# REQUIREMENT
Transcribe the entries below word for word, beginning at the line with "sign, scorpio, horoscope, zodiac, outer" and stopping after the line with "Happy Reading Sticker product image (2)"; drop all pictures.

# INFORMATION SHOWN
-*-

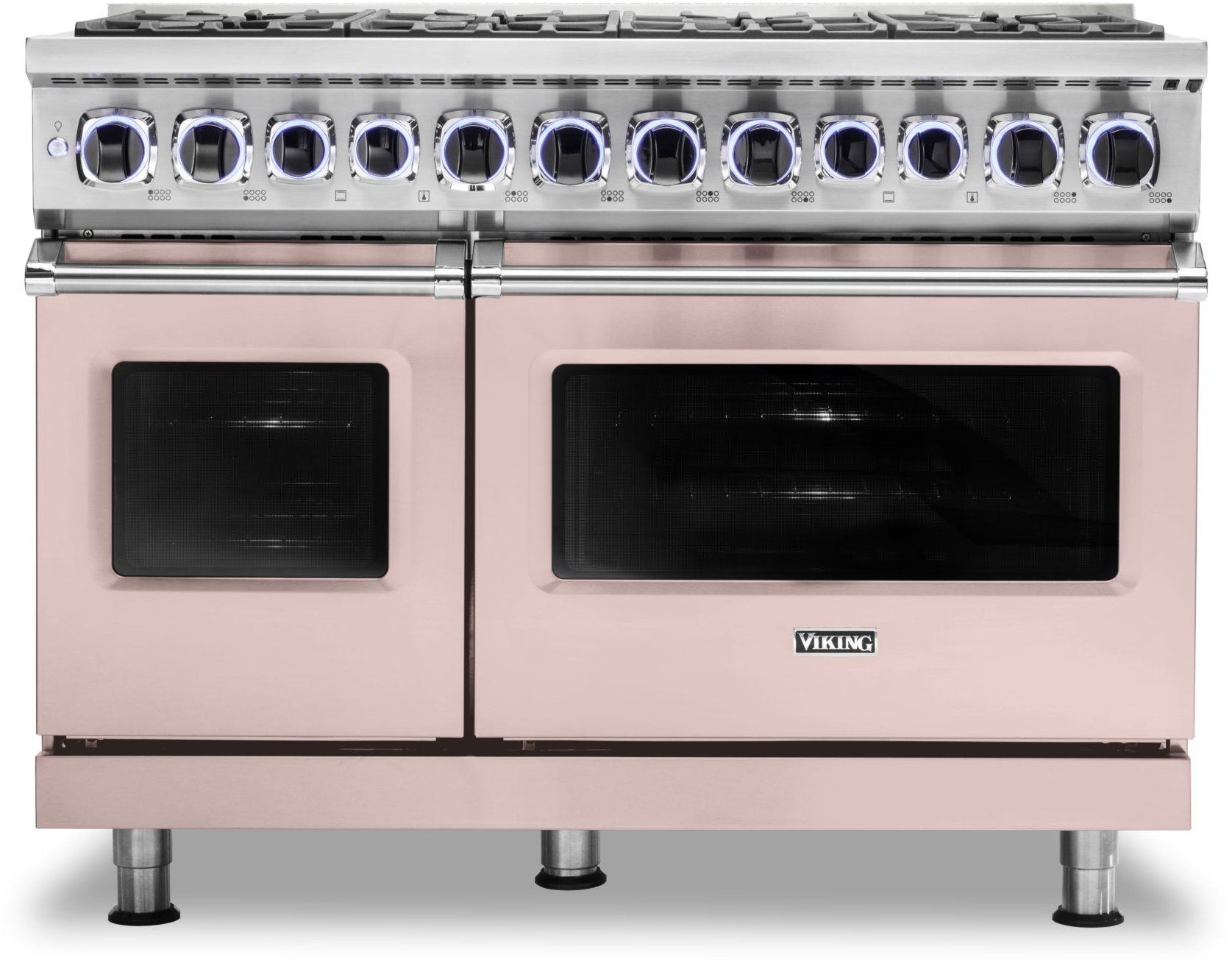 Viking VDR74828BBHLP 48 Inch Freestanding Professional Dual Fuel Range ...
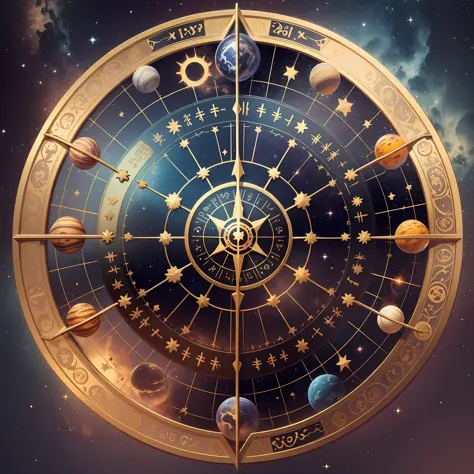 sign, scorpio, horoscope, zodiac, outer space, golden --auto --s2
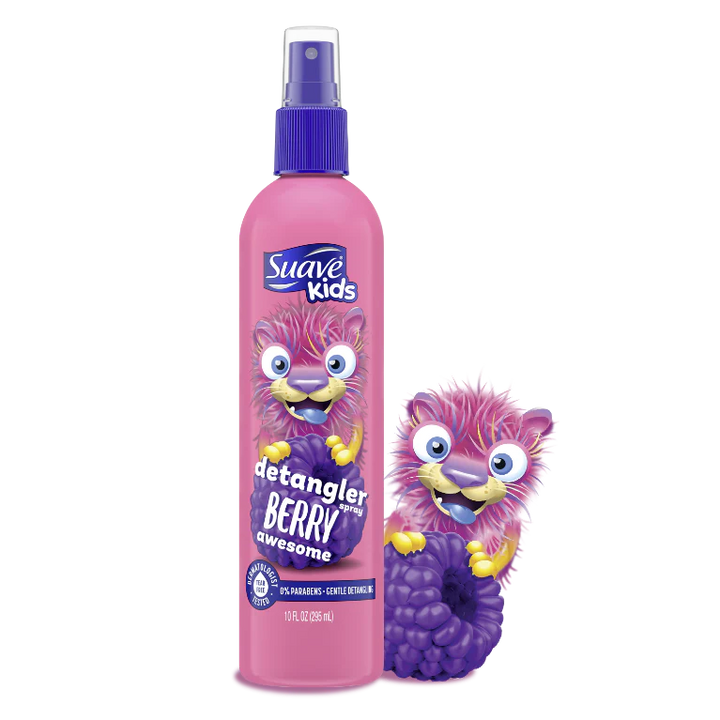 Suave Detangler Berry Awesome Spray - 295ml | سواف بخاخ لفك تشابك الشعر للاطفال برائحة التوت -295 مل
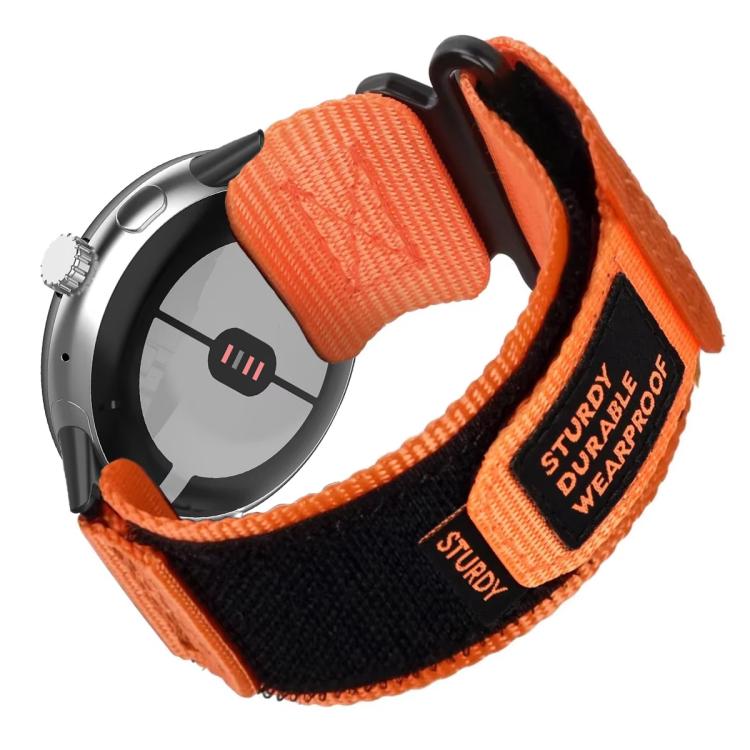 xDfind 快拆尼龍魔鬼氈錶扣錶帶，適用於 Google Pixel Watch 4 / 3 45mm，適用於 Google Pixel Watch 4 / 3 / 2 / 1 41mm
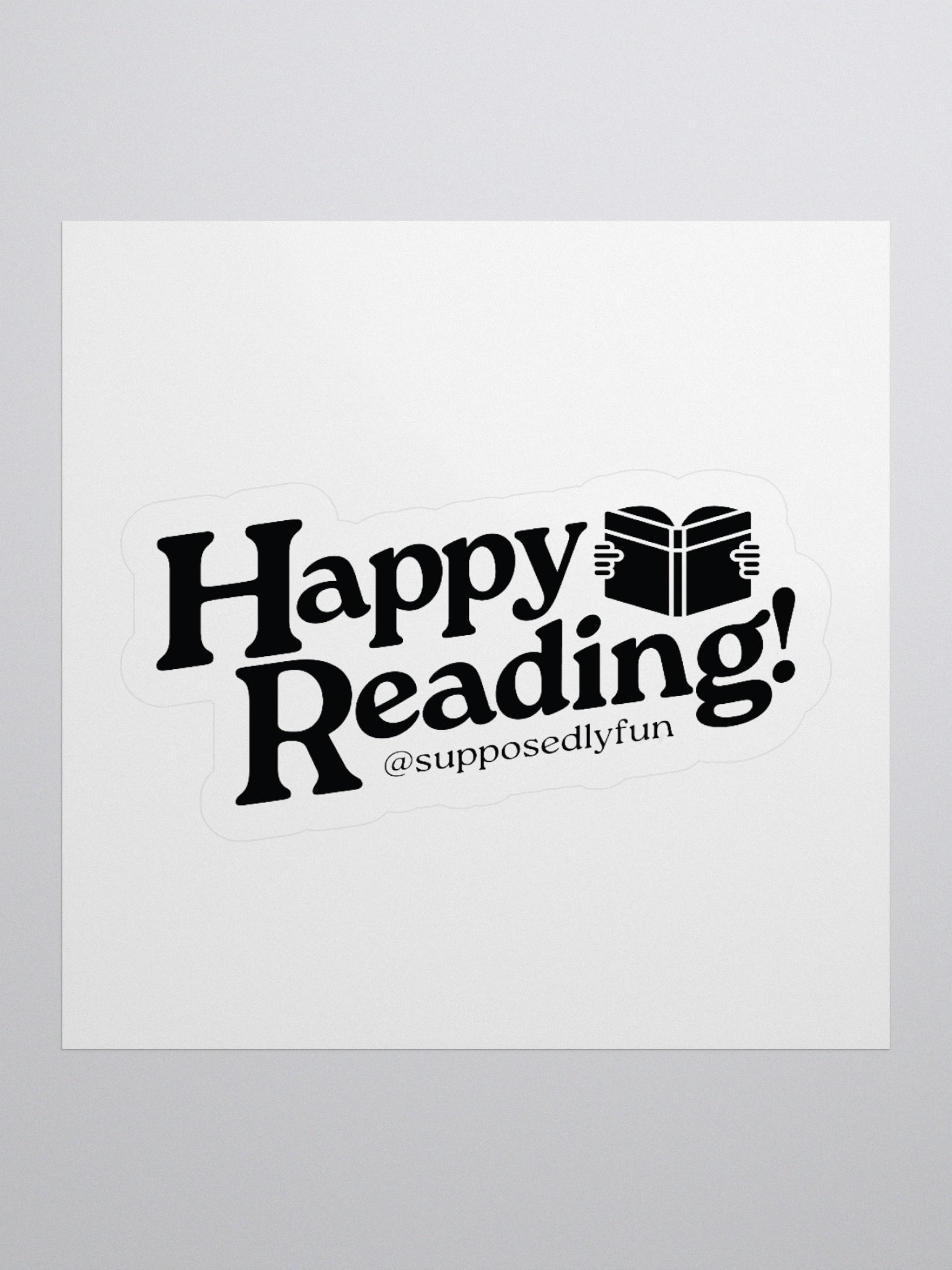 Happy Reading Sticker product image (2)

-*-

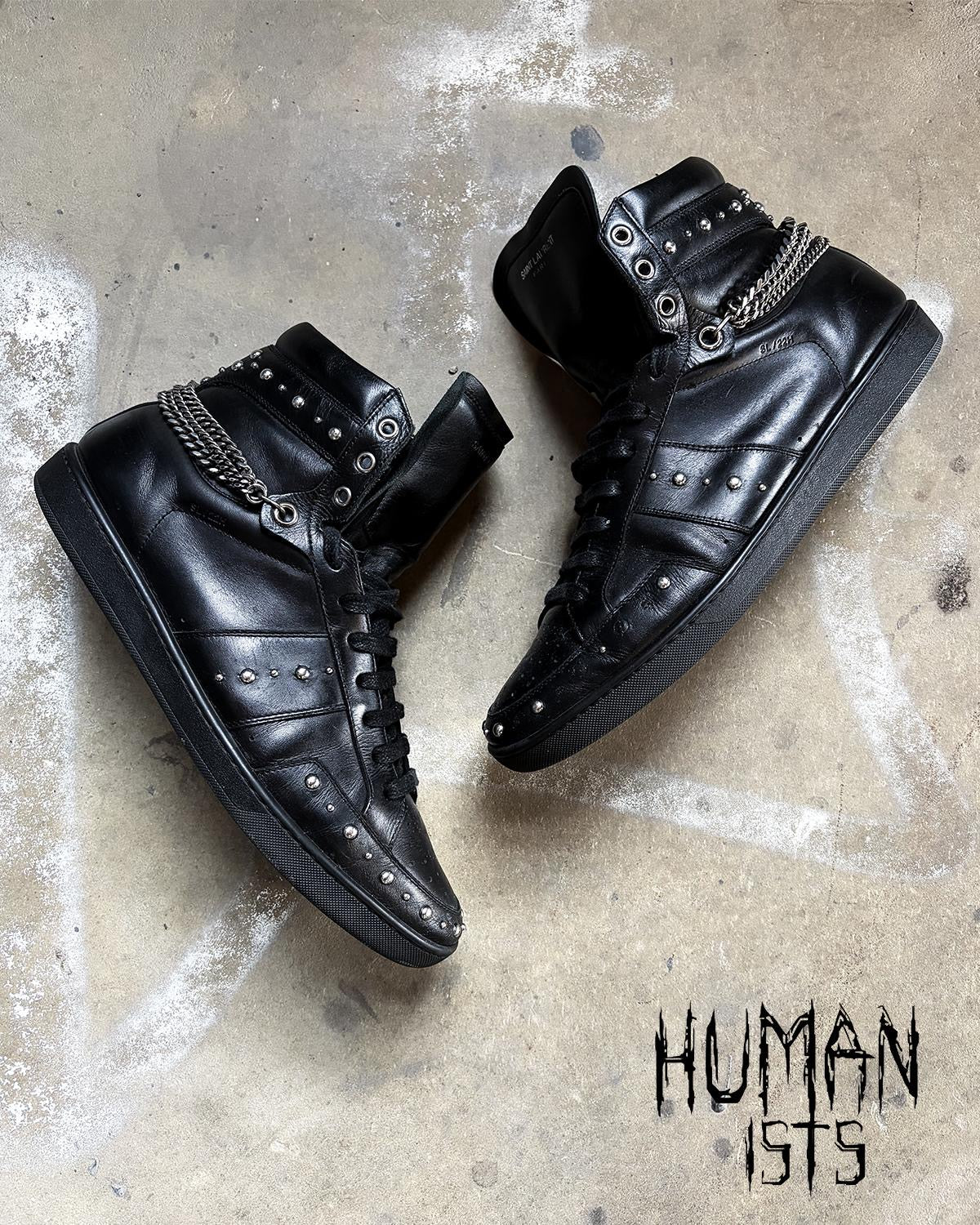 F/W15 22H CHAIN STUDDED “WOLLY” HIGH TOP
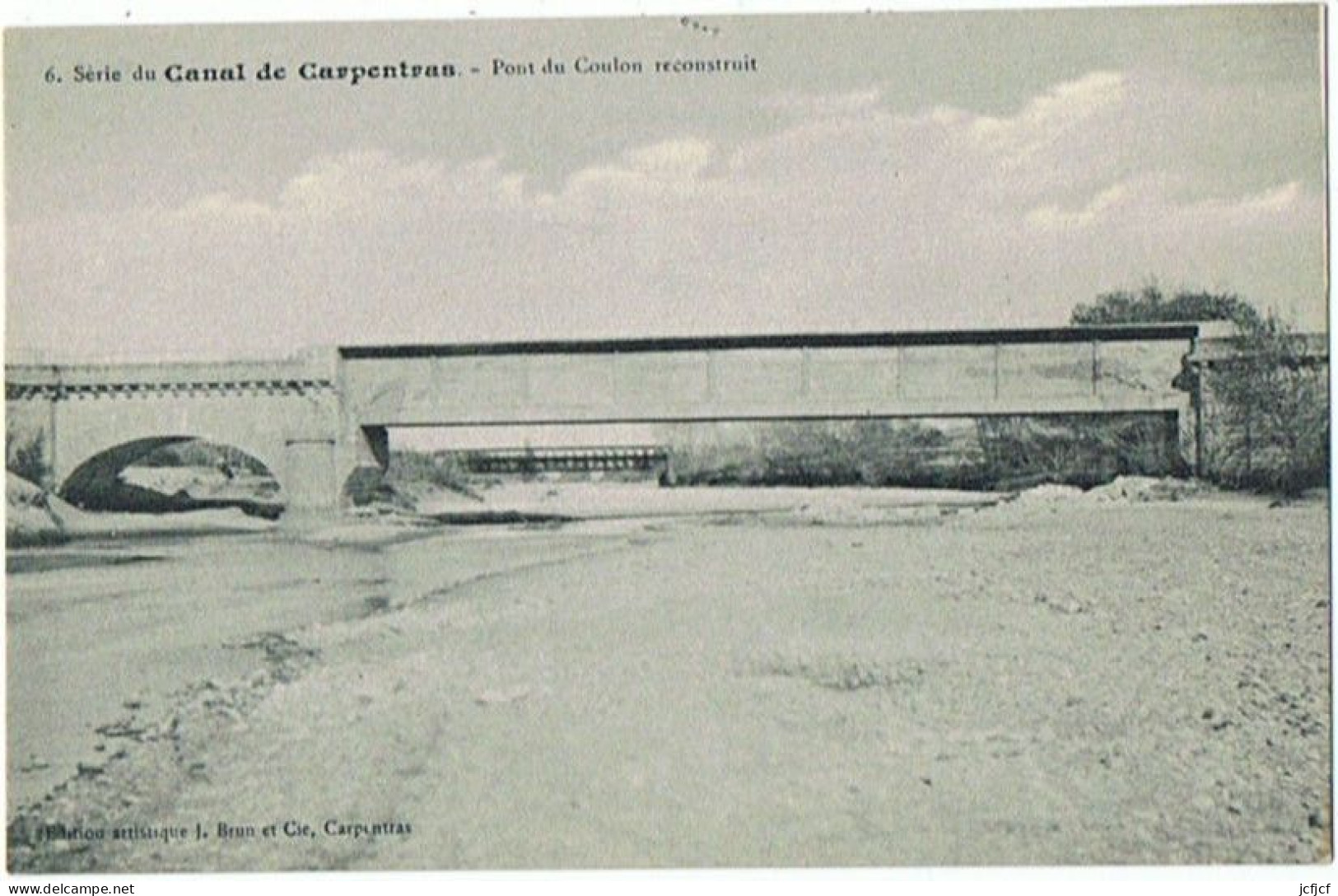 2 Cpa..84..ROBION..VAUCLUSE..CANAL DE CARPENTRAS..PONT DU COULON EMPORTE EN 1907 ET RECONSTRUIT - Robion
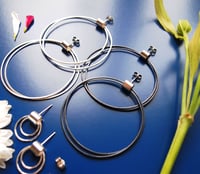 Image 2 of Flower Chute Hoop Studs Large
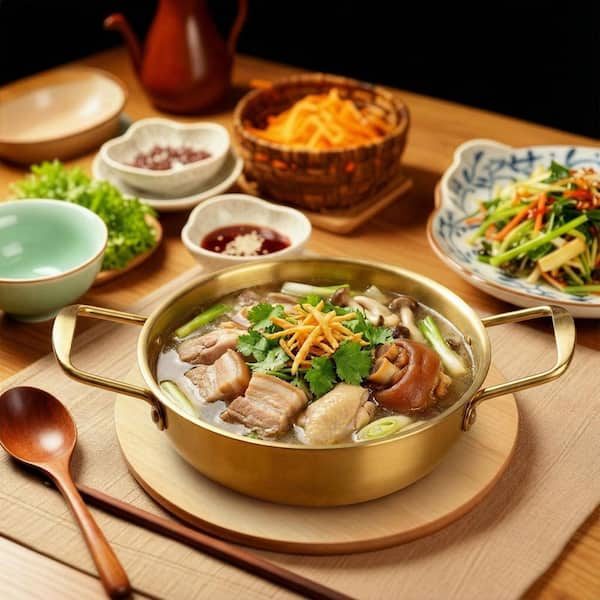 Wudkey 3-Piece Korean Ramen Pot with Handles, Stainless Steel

-*-

# WRITTEN SOLUTION
 sign, scorpio, horoscope, zodiac, outer space, golden --auto --s2
 Suave Detangler Berry Awesome Spray - 295ml | سواف بخاخ لفك تشابك الشعر للاطفال برائحة التوت -295 مل
 xDfind 快拆尼龍魔鬼氈錶扣錶帶，適用於 Google Pixel Watch 4 / 3 45mm，適用於 Google Pixel Watch 4 / 3 / 2 / 1 41mm
 Happy Reading Sticker product image (2)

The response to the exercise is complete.